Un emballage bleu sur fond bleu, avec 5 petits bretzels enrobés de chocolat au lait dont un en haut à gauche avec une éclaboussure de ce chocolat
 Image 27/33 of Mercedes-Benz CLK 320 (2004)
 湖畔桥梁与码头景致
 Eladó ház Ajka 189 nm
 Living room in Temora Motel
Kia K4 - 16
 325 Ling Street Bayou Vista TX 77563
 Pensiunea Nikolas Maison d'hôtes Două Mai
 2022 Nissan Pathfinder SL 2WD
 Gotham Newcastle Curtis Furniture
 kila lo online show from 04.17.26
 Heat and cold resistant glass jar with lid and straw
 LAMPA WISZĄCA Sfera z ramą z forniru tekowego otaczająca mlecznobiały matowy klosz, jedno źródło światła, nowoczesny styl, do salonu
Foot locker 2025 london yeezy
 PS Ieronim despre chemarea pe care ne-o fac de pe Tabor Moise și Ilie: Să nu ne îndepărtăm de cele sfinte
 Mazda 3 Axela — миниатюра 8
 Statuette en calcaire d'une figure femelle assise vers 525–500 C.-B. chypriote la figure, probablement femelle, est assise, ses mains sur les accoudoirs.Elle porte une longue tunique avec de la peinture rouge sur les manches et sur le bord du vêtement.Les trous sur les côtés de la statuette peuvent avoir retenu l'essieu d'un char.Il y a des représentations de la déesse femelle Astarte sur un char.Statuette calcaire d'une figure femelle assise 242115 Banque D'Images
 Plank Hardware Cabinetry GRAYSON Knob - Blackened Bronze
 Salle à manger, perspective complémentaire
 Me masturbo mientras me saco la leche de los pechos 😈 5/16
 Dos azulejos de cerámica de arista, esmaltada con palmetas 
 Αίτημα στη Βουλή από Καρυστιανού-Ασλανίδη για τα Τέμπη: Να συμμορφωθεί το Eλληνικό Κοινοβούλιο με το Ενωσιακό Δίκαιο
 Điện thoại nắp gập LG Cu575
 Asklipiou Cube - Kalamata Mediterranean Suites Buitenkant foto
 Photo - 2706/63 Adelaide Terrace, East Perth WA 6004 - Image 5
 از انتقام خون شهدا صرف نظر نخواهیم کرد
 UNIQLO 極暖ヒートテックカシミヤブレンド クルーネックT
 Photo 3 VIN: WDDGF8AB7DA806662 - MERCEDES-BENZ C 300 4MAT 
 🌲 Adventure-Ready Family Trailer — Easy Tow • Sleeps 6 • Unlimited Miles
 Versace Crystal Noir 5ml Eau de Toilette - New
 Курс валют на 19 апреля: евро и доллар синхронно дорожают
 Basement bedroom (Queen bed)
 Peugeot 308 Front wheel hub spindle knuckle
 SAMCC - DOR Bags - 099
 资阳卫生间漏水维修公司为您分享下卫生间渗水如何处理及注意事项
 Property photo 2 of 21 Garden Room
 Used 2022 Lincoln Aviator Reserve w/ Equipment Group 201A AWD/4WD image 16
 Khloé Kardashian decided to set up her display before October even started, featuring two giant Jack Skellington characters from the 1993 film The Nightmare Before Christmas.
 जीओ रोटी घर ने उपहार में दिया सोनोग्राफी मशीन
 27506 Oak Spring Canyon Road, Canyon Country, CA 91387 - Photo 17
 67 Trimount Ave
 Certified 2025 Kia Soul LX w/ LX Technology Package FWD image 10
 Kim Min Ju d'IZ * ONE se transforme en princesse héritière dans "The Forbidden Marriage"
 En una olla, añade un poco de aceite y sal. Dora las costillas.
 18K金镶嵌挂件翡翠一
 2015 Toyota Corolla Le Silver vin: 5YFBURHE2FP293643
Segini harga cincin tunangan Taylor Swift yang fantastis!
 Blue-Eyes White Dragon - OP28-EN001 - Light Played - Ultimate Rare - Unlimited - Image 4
───
Problem requirements
Output all records exactly, with nothing added or dropped.

Result
Un emballage bleu sur fond bleu, avec 5 petits bretzels enrobés de chocolat au lait dont un en haut à gauche avec une éclaboussure de ce chocolat
 Image 27/33 of Mercedes-Benz CLK 320 (2004)
 湖畔桥梁与码头景致
 Eladó ház Ajka 189 nm
 Living room in Temora Motel
Kia K4 - 16
 325 Ling Street Bayou Vista TX 77563
 Pensiunea Nikolas Maison d'hôtes Două Mai
 2022 Nissan Pathfinder SL 2WD
 Gotham Newcastle Curtis Furniture
 kila lo online show from 04.17.26
 Heat and cold resistant glass jar with lid and straw
 LAMPA WISZĄCA Sfera z ramą z forniru tekowego otaczająca mlecznobiały matowy klosz, jedno źródło światła, nowoczesny styl, do salonu
Foot locker 2025 london yeezy
 PS Ieronim despre chemarea pe care ne-o fac de pe Tabor Moise și Ilie: Să nu ne îndepărtăm de cele sfinte
 Mazda 3 Axela — миниатюра 8
 Statuette en calcaire d'une figure femelle assise vers 525–500 C.-B. chypriote la figure, probablement femelle, est assise, ses mains sur les accoudoirs.Elle porte une longue tunique avec de la peinture rouge sur les manches et sur le bord du vêtement.Les trous sur les côtés de la statuette peuvent avoir retenu l'essieu d'un char.Il y a des représentations de la déesse femelle Astarte sur un char.Statuette calcaire d'une figure femelle assise 242115 Banque D'Images
 Plank Hardware Cabinetry GRAYSON Knob - Blackened Bronze
 Salle à manger, perspective complémentaire
 Me masturbo mientras me saco la leche de los pechos 😈 5/16
 Dos azulejos de cerámica de arista, esmaltada con palmetas 
 Αίτημα στη Βουλή από Καρυστιανού-Ασλανίδη για τα Τέμπη: Να συμμορφωθεί το Eλληνικό Κοινοβούλιο με το Ενωσιακό Δίκαιο
 Điện thoại nắp gập LG Cu575
 Asklipiou Cube - Kalamata Mediterranean Suites Buitenkant foto
 Photo - 2706/63 Adelaide Terrace, East Perth WA 6004 - Image 5
 از انتقام خون شهدا صرف نظر نخواهیم کرد
 UNIQLO 極暖ヒートテックカシミヤブレンド クルーネックT
 Photo 3 VIN: WDDGF8AB7DA806662 - MERCEDES-BENZ C 300 4MAT 
 🌲 Adventure-Ready Family Trailer — Easy Tow • Sleeps 6 • Unlimited Miles
 Versace Crystal Noir 5ml Eau de Toilette - New
 Курс валют на 19 апреля: евро и доллар синхронно дорожают
 Basement bedroom (Queen bed)
 Peugeot 308 Front wheel hub spindle knuckle
 SAMCC - DOR Bags - 099
 资阳卫生间漏水维修公司为您分享下卫生间渗水如何处理及注意事项
 Property photo 2 of 21 Garden Room
 Used 2022 Lincoln Aviator Reserve w/ Equipment Group 201A AWD/4WD image 16
 Khloé Kardashian decided to set up her display before October even started, featuring two giant Jack Skellington characters from the 1993 film The Nightmare Before Christmas.
 जीओ रोटी घर ने उपहार में दिया सोनोग्राफी मशीन
 27506 Oak Spring Canyon Road, Canyon Country, CA 91387 - Photo 17
 67 Trimount Ave
 Certified 2025 Kia Soul LX w/ LX Technology Package FWD image 10
 Kim Min Ju d'IZ * ONE se transforme en princesse héritière dans "The Forbidden Marriage"
 En una olla, añade un poco de aceite y sal. Dora las costillas.
 18K金镶嵌挂件翡翠一
 2015 Toyota Corolla Le Silver vin: 5YFBURHE2FP293643
Segini harga cincin tunangan Taylor Swift yang fantastis!
 Blue-Eyes White Dragon - OP28-EN001 - Light Played - Ultimate Rare - Unlimited - Image 4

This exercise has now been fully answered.